▶ [EXERCISE OBJECTIVE] Please transcribe the data exactly as shown, skipping the images.
* * * *
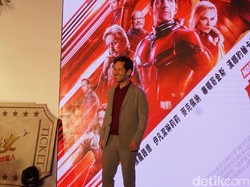 Keseruan Ant-Man and The Wasp Bertemu Penggemar di Taipei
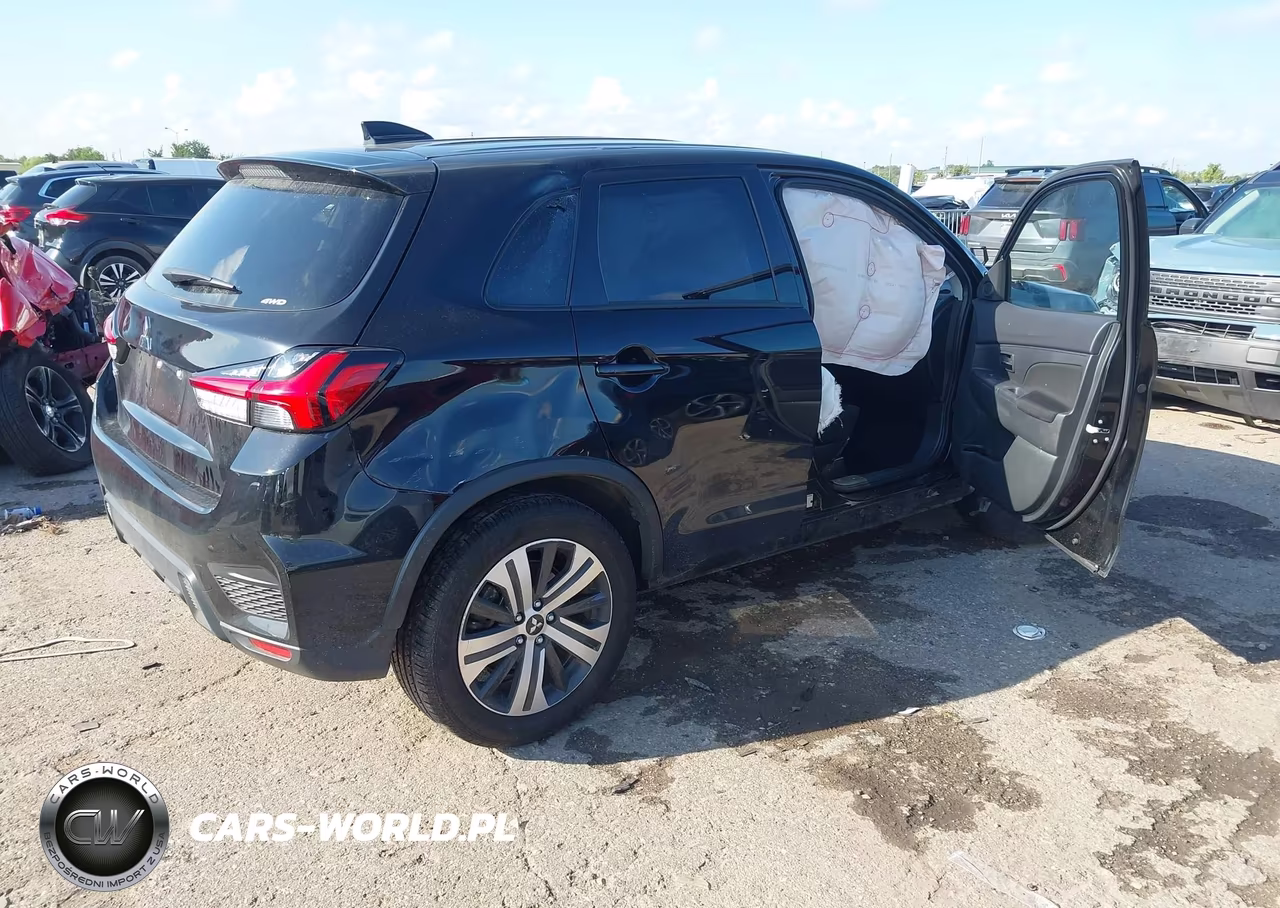2025 Mitsubishi Outlander Sport 2.0 Es Awc-2.0 Le Awc-2.0 S Awc-2.0 Se Awc-2.0 Trail Edition Awc VIN:JA4ARUAU3SU004164 - 4
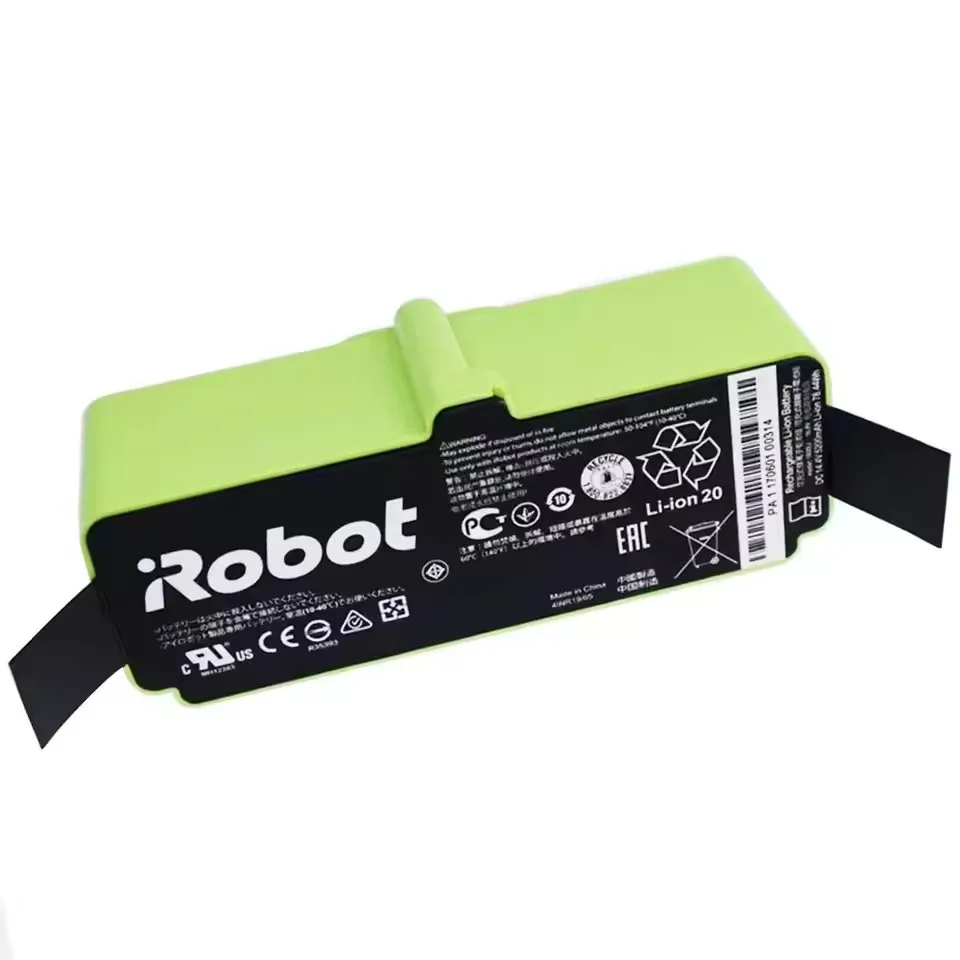 12800mAh 14.4V Vacuum Cleaner Battery for iRobot Roomba 500 600 700 800 900 Series 510 530 550 650 770 780 790 870 880 960 980 8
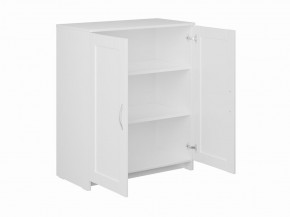 Тумба СИРИУС двухдверная, цвет белый в Режи - rezh.mebel24.online | фото 2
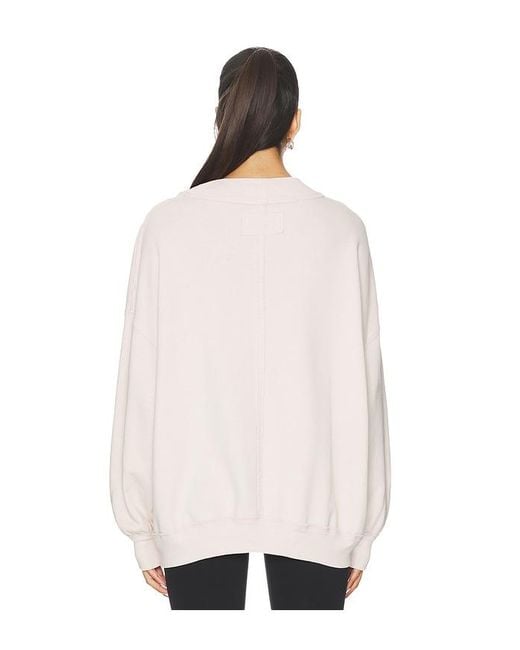 Free People Natural X We The Free Palm Springs Turtleneck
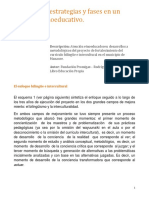 Enfoque, Estrategias y Fases en Un Proyecto Etnoeducativo PDF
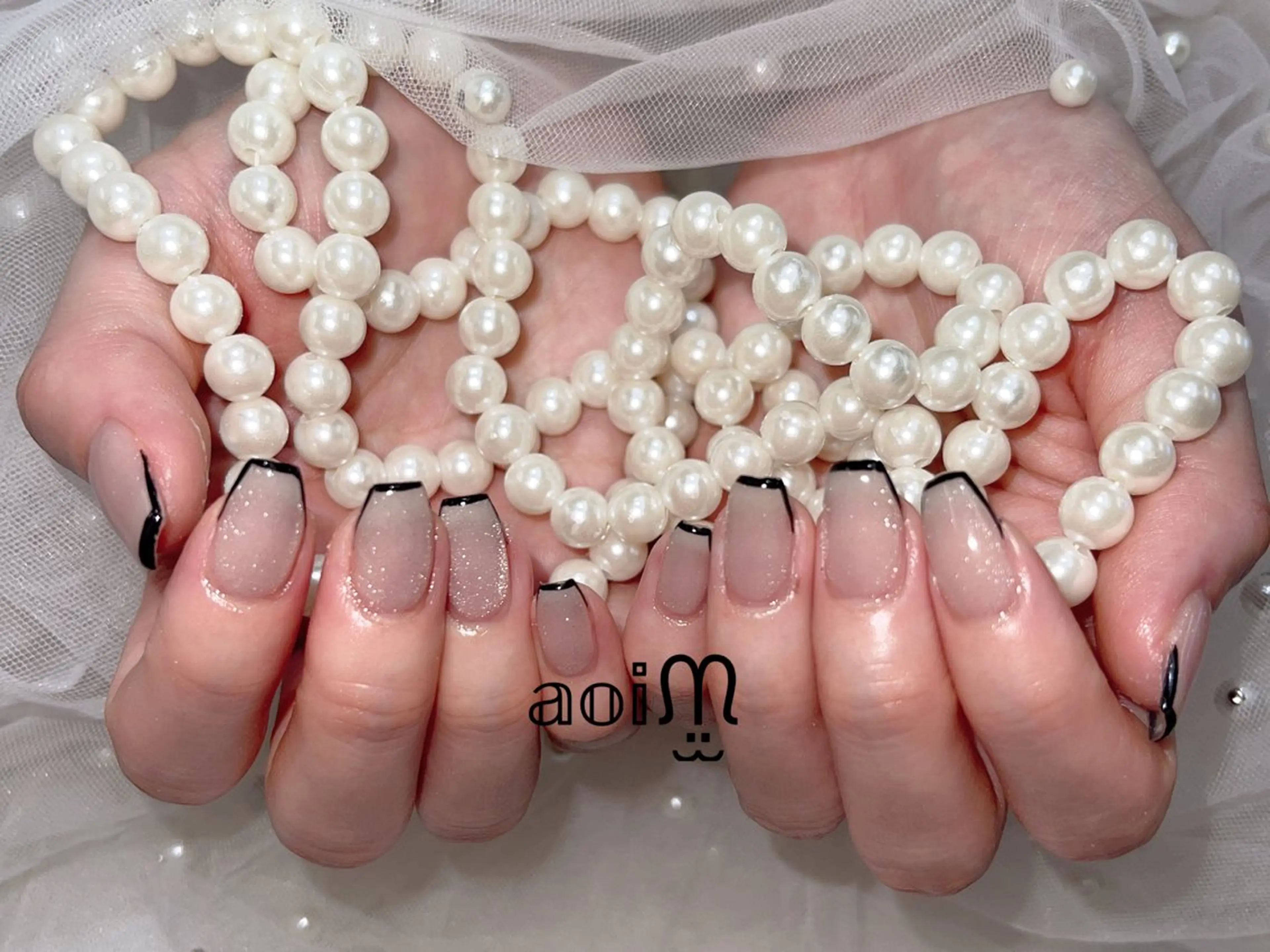 ネイル 葵うさぎ所属・葵うさぎ AIのネイルデザイン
* * * *
▶ [SOLVED EXERCISE]
 Keseruan Ant-Man and The Wasp Bertemu Penggemar di Taipei
2025 Mitsubishi Outlander Sport 2.0 Es Awc-2.0 Le Awc-2.0 S Awc-2.0 Se Awc-2.0 Trail Edition Awc VIN:JA4ARUAU3SU004164 - 4
 12800mAh 14.4V Vacuum Cleaner Battery for iRobot Roomba 500 600 700 800 900 Series 510 530 550 650 770 780 790 870 880 960 980 8
 Тумба СИРИУС двухдверная, цвет белый в Режи - rezh.mebel24.online | фото 2
 Free People Natural X We The Free Palm Springs Turtleneck
 Enfoque, Estrategias y Fases en Un Proyecto Etnoeducativo PDF
 ネイル 葵うさぎ所属・葵うさぎ AIのネイルデザイン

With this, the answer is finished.